Meliton's trigonometric expression

Notice that, since $\tan 45^{\circ} = 1$ ,
$\begin{aligned} \frac{1 + \tan (15^{\circ})}{1 - \tan (15^{\circ})} &= \frac{\tan (45^{\circ}) + \tan (15^{\circ})}{1 - 1 \cdot \tan (15^{\circ})} \\ &= \frac{\tan (45^{\circ}) + \tan (15^{\circ})}{1 - \tan (45^{\circ}) \tan (15^{\circ})} \\ &= \tan (45^{\circ} + 15^{\circ}), \end{aligned}$ because of the Tangent Sum Identity. This yields a quick solution: $\begin{aligned} \frac{1 + \tan (15^{\circ})}{1 - \tan (15^{\circ})} &= \tan 60^{\circ} \\ &= \sqrt{3} \\ &= 3^{1/2}. \end{aligned}$ And therefore, $a + b = \boxed{3}$ since $\log_3 \, 3^{1/2} = \frac{1}{2}$ .

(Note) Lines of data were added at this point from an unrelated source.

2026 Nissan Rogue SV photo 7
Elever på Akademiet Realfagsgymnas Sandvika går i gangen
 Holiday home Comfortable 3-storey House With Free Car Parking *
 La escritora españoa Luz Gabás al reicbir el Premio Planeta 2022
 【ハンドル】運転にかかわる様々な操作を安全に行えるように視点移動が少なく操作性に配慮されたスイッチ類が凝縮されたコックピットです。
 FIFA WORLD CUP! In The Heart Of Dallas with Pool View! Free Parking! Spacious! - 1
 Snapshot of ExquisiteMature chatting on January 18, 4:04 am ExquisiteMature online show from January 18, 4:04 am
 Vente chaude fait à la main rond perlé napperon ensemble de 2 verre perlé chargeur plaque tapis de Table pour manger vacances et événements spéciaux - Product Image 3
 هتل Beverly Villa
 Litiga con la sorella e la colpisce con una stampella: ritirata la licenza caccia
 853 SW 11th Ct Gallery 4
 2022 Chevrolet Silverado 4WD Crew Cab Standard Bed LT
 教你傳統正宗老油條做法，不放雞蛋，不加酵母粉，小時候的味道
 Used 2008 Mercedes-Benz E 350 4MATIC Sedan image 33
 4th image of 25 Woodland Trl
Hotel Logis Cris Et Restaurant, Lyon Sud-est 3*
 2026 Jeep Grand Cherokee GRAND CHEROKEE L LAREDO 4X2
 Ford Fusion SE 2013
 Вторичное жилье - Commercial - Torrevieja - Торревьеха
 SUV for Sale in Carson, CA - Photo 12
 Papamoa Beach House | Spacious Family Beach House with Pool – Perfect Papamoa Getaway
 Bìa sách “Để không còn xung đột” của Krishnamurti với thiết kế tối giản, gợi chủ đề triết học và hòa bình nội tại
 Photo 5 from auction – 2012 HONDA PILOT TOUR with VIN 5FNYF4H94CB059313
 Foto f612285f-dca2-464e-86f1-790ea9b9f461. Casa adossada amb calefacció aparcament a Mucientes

from previous solution, $\frac{1+tanx}{1-tanx}$ = $\frac{cosx+sinx}{cosx-sinx}$

= $\frac{(cosx+sinx)^2}{cos^2 x-sin^2 x}$

= $\frac{1+sin2x}{cos2x}$

when x =15

$\frac{1+tan15}{1-tan15}$ = $\frac{1+sin30}{cos30}$

=3/ $\sqrt{3}$

= $\sqrt{3}$

then $log_{3}$ $\sqrt{3}$ = 1/2

a+b=3

Hint: Break tan into sine and cosine. Numerator will simplify to Cos(30) and denominator as 1-Sin(30).